Although several personnel of frames and interrupts and does not seem to be considerable, imagine what will happen in the crowd, say a person for 1000, in which everyone has a mouthpiece. Just at the moment, as you gathered to send me a message through your mouthpiece, someone straight next to you shouts anything else through your own. After you calm down the ears, you raise your rugers only in order to be interrupted by someone else. So far, finally, there will be no pause, sufficient to send a message. Yes, this is a problem. You act with all the others in the same environment - in the air. With this method of communication "one - many" it is difficult to expect that a specific person will receive a message on time. And the more crowd, the more problems.
In a network with multiple devices, avalanche transmission does not represent problems. And if there are hundreds or thousands of devices on the local network, it is problematic. And it generates another problem. Network that cannot link thousands of devices is almost useless.
Suppose that you added another switch to the topology network, called its switch 2 and attached a database server to it, as shown in Fig. 5. When my computer sends a frame on the server's MAC address, switch 1 starts avalanche (and interrupt) to all devices attached to its ports, including switch 2! Switch 2, in turn, also transmits the frame to all devices. In this case, the database server is only an ordinary device connected to the switch 2.
In step 1, my computer sent a frame on the MAC address of the database server (00db.dbdb.5010). In step 2 Switch 1 sends the frame to all devices. Finally, in step 3, Switch 2 transmits a frame to the database server.
All these devices that have received a frame, - members of one broadcast domain . The broadcast domain is not a device and not even a configurable parameter, but rather an integral network attribute. For a better understanding, I will present the following analogy.
When you stand alone in the center of the street, you are not a crowd. But if a few people are going around you, you become part of the crowd. And you become part of an even greater crowd when there are more people around you. You do not change, but your virtual property changes - part of the crowd, - depending on how many people have gathered around you. Similarly, the device becomes part of the broadcast domain of those devices that received a frame at avalanche transmission.
Getting rid of avalanche transfer: Table of MAC addresses
Avalanche transmission - an inevitable operation when using MAC addresses. Fortunately, the switches use a clever trick to reduce the need for avalanche.

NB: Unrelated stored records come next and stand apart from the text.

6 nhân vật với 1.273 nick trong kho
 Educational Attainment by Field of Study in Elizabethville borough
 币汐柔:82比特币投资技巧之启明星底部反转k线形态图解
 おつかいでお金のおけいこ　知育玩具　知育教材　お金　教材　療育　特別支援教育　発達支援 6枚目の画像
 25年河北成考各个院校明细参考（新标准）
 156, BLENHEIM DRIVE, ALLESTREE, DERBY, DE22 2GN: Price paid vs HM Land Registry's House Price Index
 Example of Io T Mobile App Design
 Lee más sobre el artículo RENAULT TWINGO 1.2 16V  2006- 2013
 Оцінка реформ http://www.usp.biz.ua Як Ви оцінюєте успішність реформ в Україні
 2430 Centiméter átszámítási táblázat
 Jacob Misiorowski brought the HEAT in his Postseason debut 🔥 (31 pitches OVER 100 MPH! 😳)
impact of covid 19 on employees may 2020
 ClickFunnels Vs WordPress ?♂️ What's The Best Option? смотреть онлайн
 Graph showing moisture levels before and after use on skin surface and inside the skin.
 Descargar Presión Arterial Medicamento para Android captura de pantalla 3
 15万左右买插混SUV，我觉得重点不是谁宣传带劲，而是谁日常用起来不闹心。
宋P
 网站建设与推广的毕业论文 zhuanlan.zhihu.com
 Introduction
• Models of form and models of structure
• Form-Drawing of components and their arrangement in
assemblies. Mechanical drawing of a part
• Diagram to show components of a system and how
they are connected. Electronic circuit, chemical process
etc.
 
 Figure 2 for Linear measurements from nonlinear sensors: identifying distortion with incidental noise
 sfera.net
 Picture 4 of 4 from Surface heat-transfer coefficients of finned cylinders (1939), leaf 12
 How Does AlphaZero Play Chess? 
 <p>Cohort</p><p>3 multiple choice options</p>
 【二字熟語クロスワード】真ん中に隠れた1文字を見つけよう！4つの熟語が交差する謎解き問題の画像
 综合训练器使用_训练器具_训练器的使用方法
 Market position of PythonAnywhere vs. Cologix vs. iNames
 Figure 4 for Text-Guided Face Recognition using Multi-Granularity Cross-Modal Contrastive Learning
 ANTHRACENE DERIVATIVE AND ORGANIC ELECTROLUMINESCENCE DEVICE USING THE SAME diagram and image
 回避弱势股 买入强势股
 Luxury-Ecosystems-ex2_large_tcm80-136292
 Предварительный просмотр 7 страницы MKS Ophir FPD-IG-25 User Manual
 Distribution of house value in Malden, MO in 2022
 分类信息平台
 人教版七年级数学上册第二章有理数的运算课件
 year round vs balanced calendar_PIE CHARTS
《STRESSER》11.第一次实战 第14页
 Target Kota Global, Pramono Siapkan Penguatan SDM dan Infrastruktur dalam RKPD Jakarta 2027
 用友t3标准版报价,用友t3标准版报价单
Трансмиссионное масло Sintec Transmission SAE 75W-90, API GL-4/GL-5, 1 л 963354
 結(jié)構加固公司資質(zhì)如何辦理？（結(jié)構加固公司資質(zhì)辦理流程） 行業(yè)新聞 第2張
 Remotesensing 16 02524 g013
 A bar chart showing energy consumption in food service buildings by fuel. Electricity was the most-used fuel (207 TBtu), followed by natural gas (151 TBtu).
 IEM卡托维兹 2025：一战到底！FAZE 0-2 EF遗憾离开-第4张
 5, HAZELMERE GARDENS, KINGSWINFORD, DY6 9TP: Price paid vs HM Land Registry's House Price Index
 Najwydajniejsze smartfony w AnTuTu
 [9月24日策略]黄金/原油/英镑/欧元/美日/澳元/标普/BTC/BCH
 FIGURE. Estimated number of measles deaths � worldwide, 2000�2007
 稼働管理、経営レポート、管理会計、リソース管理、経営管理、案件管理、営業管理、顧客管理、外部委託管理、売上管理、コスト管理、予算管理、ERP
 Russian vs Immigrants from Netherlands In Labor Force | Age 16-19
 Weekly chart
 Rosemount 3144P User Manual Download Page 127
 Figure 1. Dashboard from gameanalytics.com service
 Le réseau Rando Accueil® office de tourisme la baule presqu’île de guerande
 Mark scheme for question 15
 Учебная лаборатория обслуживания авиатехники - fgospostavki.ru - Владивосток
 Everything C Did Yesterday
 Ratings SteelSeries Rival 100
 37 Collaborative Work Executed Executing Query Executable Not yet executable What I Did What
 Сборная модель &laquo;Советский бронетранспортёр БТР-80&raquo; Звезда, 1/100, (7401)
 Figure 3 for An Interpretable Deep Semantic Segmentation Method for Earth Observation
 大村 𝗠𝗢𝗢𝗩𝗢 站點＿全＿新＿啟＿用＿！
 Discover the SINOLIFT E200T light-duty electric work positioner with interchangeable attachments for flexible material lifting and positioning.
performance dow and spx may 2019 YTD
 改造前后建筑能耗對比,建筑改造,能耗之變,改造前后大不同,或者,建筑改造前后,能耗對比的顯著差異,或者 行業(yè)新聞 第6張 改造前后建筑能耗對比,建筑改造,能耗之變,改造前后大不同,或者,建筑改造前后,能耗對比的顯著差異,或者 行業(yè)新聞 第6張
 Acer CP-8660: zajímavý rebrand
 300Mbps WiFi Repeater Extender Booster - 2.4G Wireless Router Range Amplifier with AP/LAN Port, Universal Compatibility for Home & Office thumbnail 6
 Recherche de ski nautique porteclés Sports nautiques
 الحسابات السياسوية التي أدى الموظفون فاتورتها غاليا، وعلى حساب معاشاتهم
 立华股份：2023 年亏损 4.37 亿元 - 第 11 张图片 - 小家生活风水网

Each time the switch receives a frame, it studies the source MAC address and the port to which the source of the frame is attached. This information is used to build Tables MAC -press.
In the Cisco documentation, the MAC address table is sometimes called associative Memory (Content Addressable Memory, Cam), but this is the same.
When the switch 1 receives a frame from my computer, it writes its MAC address 0800.2700.ac26, as well as the port to which the computer is connected - FasteThernet0 / 1. This information is added to the MAC address table, as shown in Table. one.
Table 1. Table of Switch MAC addresses 1
MAC -the address
Port of Switch
Fastethernet0 / 1.
Now suppose the database server sends a frame with the MAC address of my computer. The frame falls on the switch 2, which sends it straight to the switch 1. But instead of blind throwing the frame of all devices, the switch 1 checks the table of MAC addresses.
He sees that the MAC address of 0800.2700.ec26 corresponds to the device connected to the FasteTherNet0 / 1 port and sends the frame only On this port, as shown in Fig. 6. It works on the principle of an old telephone switch, from where and the term switch .
. As a table of MAC addresses allows you to get rid of avalanche transfer
In step 1, the database server sends a frame to the MAC address of my computer (0800.2700.ec26). In step 2, the switch 2 (avalanche) sends a frame to a switch 1. In step 3, the switch 1 is checked with the MAC address table and find the port of the requested address. In step 4, the switch 1 sends the frame only to the port of my computer, and does not avalanche transfers the frame to all other devices.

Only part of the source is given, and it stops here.